La nuit est bruyante mais le son est apaisant.
Le vent soutenu fait claquer les cordages et grincer la structure. Je pense à Katrina.
A l'ouest, Merdançon laisse échapper une fumée épaisse.

Premier matin, dimanche, le troupeau de vaches du champ du bas chasse un groupe de chamois venus lécher leurs pierres de sel. Étonnant spectacle qui, je ne sais pas bien pourquoi, me rappelle la vidéo de Cyprien Gaillard avec des hooligans qui s'affrontent sur fond de Koudlam.

Tous ces hêtres qu'on voit contrastent avec la forêt de la Montagne du Mont. J'aimerais récolter les faînes du bois d'en bas et les faire griller pour voir quel goût ça a. Faire la « grande fainée » du Sancy.

Je discute avec un couple qui me dit qu'il y a un retour des Salers dans le coin.

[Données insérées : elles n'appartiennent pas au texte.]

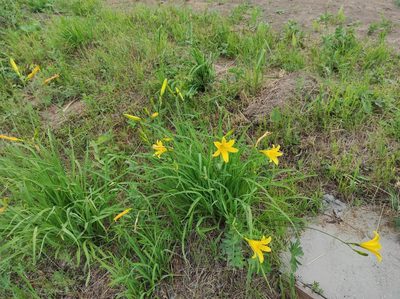 Hemerocallis minor, photographed by Valentin Kosterin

Qu'avant, c'était quasiment que des Aubrac. Les Aveyronnais louaient les champs pendant des enchères « à la chandelle » : la durée de l’enchère était limitée à la consumation de deux petites bougies qui, lorsqu’elles s’éteignaient, laissaient monter une fumée indiquant la fin des paroles.

Évelyne et Gérard ont vu la lumière du phare depuis leur terrasse. Ils habitent sur le plateau des Orgues pas loin de Bort-les-Orgues. Parfois, ils sirotent un ti punch sur leur balcon en regardant le massif et ça fait un mois qu'ils voient une lumière inconnue avec « une fréquence d'environ 10 secondes ».
Ils vont revenir.

Avec François, on a regardé les étoiles un soir. Cette semaine se prêtait bien au jeu. Jupiter, Saturne et la Lune sortaient de leur alignement. La Polaire était tout le temps visible.

Un matin, le ciel était si épais qu'il était impossible de voir le soleil. Ça m'a tout de suite fait penser aux vikings et aux pierres de soleil qu'ils utilisaient probablement lors de la navigation.

Dans la semaine j'ai discuté longuement avec une dame dont le fils vient d'achever une formation en charpente maritime et dont le gendre a appris le travail de la toile. Avec leurs copains ils retapent de vieux gréements. J'ai pris leurs coordonnées.

J'ai remarqué, sous le plan de travail de la cuisine, un pot avec un bon nombre de bouchons d'oreilles.
Je me suis dit que je serais incapable de mettre ces trucs la nuit : les sons des intempéries me font dormir et je crois que j'aurais peur de me faire réveiller en sursaut par un visiteur que je n'aurais pas entendu arriver. Surtout qu'ici, on n'est jamais seul.
C'est assez drôle d'ailleurs car les gens me demandent souvent si le temps n'est pas trop long ou si ce n'est pas trop dur d'être isolé ou de se ravitailler. J'ai le sentiment que c'est l'inverse, qu'on est proche de tout ici. Je n'ai jamais été aussi proche des gens.
Il y a un peu l'idée d'une retraite ou d'un écart, mais on est aux antipodes d'un retranchement, je trouve.

Un soir, j'étais avec Gaspard. Il commençait à faire froid et j'ai donc fermé les portes. C'était tellement bien de l'avoir vu s'émerveiller devant le paysage et les objets d'intérieur que j'en ai oublié de brancher la lumière. Heureusement, un type qui attendait dehors depuis un bout de temps a dit à un autre qui venait de le rejoindre qu'il attendait que le phare s'allume. J'ai donc connecté les câbles, puis les deux hommes ont débattu sur le fait que le phare était peut-être automatique.

Suite à une remarque d'une randonneuse, je me suis mis à la recherche de myrtilles aux alentours. Il y en a bien plus sur les versants Nord du massif. Entre Guéry et Servières par exemple. Mais j'ai quand-même repéré un parterre assez fourni en montant depuis le parking, dans la pente de la cuvette sur le tertre de gauche.

J'ai laissé une carte IGN du Sancy dans l'une des boîtes, avec un numéro de la revue Nunatak.